Sobreviveu a uma explosão aos 7 anos, mas esteve um ano internada: "Dizia à minha mãe: 'Vai buscar uma pistola e mata-me'"

IOL
6 ago., 16:00

Mafalda tinha 7 anos quando uma explosão mudou a sua vida. Recordou agora as dores e o pedido desesperado que fez à mãe

Tinha apenas sete anos quando viu a vida mudar para sempre. Uma explosão causada por uma fuga de gás destruiu a casa onde passava férias com a família e deixou-lhe marcas físicas e emocionais que ainda hoje carrega.
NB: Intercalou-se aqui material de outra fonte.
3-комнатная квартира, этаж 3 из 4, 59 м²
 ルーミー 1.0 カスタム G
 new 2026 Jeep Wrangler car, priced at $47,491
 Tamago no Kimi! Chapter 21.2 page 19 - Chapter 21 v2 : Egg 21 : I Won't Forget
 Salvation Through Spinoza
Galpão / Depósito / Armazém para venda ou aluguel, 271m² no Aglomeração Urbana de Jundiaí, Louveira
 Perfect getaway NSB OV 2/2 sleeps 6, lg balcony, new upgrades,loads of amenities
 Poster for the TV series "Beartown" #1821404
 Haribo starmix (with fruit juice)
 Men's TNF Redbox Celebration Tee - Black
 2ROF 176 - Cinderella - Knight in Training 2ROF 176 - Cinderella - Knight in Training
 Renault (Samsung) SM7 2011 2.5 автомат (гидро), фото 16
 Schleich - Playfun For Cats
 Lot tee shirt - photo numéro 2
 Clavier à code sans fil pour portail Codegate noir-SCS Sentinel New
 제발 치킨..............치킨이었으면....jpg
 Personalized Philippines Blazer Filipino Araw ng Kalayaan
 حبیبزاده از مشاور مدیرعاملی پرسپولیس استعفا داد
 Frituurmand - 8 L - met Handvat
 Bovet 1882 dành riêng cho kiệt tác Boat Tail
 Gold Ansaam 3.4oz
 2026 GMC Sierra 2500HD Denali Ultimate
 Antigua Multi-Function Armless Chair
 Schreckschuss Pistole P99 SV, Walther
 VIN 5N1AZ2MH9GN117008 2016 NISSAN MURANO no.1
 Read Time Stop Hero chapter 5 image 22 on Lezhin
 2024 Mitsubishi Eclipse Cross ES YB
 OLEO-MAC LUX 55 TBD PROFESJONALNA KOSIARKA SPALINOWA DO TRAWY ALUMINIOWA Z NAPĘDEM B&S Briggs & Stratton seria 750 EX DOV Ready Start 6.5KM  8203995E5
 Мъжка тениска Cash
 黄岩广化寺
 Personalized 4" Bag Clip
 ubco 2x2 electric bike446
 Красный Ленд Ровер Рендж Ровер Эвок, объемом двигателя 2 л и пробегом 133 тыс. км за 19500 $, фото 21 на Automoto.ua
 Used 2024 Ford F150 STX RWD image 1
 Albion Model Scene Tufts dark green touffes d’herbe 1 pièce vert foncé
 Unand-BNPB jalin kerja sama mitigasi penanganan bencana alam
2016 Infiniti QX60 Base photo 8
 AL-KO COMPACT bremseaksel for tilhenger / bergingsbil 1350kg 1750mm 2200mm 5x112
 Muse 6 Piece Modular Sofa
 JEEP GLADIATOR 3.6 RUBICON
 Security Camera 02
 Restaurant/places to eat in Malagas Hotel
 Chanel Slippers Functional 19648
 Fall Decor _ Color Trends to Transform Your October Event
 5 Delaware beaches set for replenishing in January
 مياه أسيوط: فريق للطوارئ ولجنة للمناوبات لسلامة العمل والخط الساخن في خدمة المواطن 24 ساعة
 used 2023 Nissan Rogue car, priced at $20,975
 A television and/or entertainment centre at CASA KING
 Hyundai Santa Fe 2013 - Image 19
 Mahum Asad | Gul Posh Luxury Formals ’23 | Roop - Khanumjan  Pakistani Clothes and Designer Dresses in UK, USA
A história de Mafalda Pereira foi contada no programa Dois às 10, da TVI, onde a jovem, a tia Fátima e o primo Tozé recordaram um dos momentos mais difíceis das suas vidas.

O acidente aconteceu no verão de 2008, quando a família, que vivia na Suíça, veio a Portugal para estrear uma casa nova. No momento da explosão, Mafalda e o irmão estavam a dormir. "O meu irmão é que me salvou a vida porque eu estava em choque", recordou. Mafalda lembra-se de atravessar as chamas e de ver o pai a arder. Apesar da gravidade do cenário, garante que, naquele momento, não sentia dor.

A jovem, o pai, o irmão, a tia Fátima e o primo Tozé sofreram queimaduras graves. Mafalda, Fátima e Tozé estiveram em coma induzido e os médicos chegaram mesmo a admitir que as crianças dificilmente sobreviveriam.

Seguiu-se um longo período de recuperação. Mafalda esteve cerca de um ano internada no hospital, onde enfrentou dores constantes. "Tinha tantas dores que preferia morrer", confessou. O sofrimento era tão intenso que chegou a fazer um pedido desesperado à mãe. "Dizia à minha mãe: 'Vai buscar uma pistola e mata-me'", revelou.

Além das cicatrizes visíveis no rosto, nas mãos e nos pés, Mafalda ficou também com sequelas internas. Ainda hoje tem cicatrizes no nariz e na garganta que lhe dificultam a respiração.

Até aos 18 anos foi submetida a vários transplantes de pele, recorrendo a tecido retirado de outras partes do corpo para reconstruir o rosto. Durante a infância e adolescência, enfrentou ainda episódios de bullying devido às marcas deixadas pelo incêndio.

Apesar de tudo o que viveu, encontrou um novo propósito. Inspirada pelos anos passados no hospital, decidiu seguir Enfermagem. A família travou durante 14 anos uma batalha nos tribunais para tentar obter justiça, mas acabou por perder o processo. Segundo foi revelado no Dois às 10, nunca recebeu qualquer indemnização nem apoio do seguro e ninguém foi responsabilizado pelo acidente que mudou para sempre as suas vidas.